Dear Neil: My fiancé and I are fighting a lot with each other, and that’s thrown our wedding—scheduled for later this year—into serious question. Is there a secret for how to know if we can be compatible with each other? We have a lot of common interests and similar tastes in music, Italian food and gourmet coffees. How can we have compatibility also?
Not Getting Along in Westminster, Colorado
Dear Not Getting Along: Compatibility isn’t something you have. It’s something the two of you create. The similarities and personality traits that attract two people to each other—such as common tastes in music, art, travel and food—is what gets you together, not what typically keeps you together.
Here are some of the most important behaviors and attitudes that two people must cultivate and develop over time in order for them to feel compatible with each other:
- Treating the other person with respect. This includes the assumption of good will, absence of malice and benefit of doubt.

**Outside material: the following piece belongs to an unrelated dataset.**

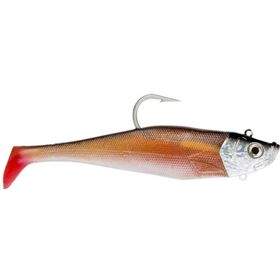 Storm Wildeye Giand Jigging Shad RTC 23 cm 3'lü Sahte Balığı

- Open and skilled communication. Compatible couples share their secrets, personal intimacies, delights, thoughts, feelings, hopes, wishes, hurts, frustrations, disappointments, yearnings and fears with each other. Good communication is reciprocal sharing, which is more than just bombarding someone with your thoughts and feelings. It is also about knowing the difference between “talking at” and “talking with” someone, being interested and inquisitive about the other person’s emotions, needs and desires, being an extremely good listener and hearing the other person’s feelings without being defensive, hostile or dismissing.

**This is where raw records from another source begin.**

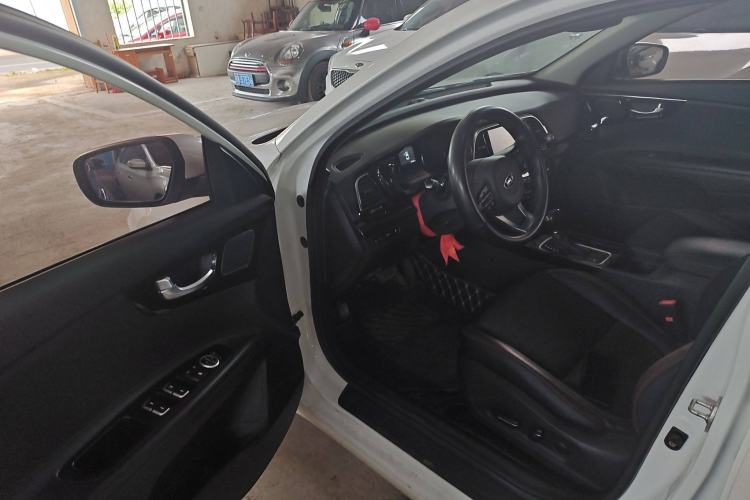 Used Kia K4 2017 1.8L Automatic GLS Special
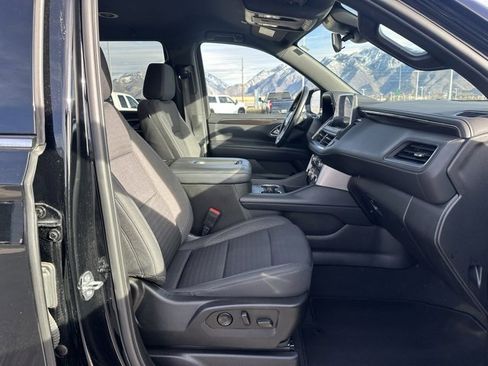 Certified 2023 GMC Yukon SLE image 22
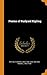 Poems of Rudyard Kipling
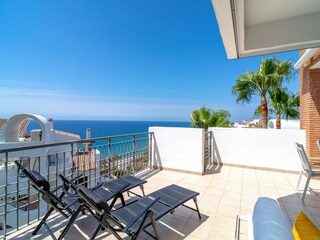 Apartamento Torrox Pueblo  37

- Compatible couples have figured out positive ways of dealing with grievances, disagreements, disappointments and past wounds. This comprises good problem solving, negotiating, compromising and negotiating skills, and assumes an absence of anger, cold silent treatment or rough words.
- Trust. This incorporates being faithful and loyal, and not doing or saying anything that violates that loyalty.
- Compatible couples spend time together. They make their relationship a top priority in their lives.
- Being responsive. Making what’s important to your partner, important to you.
- There is a feeling of a true partnership among equals. Major decisions are made jointly. Both believe the division of labor is fair as it relates to roles, chores, children, work and housework.
- Romance. Going out of your way to please, and doing so on an ongoing basis. This includes lot’s of affection.
- Sex. Equally interested in pleasing your partner as you are in being pleased.
- Honesty. Keeping your word, your promises and your agreements. Saying what you mean, and meaning what you say.
- Friendship and support. You treat your partner as a friend and ally.
- Fun. Compatible couples have learned to have fun with each other on a regular basis.
- Staying emotionally connected with each other.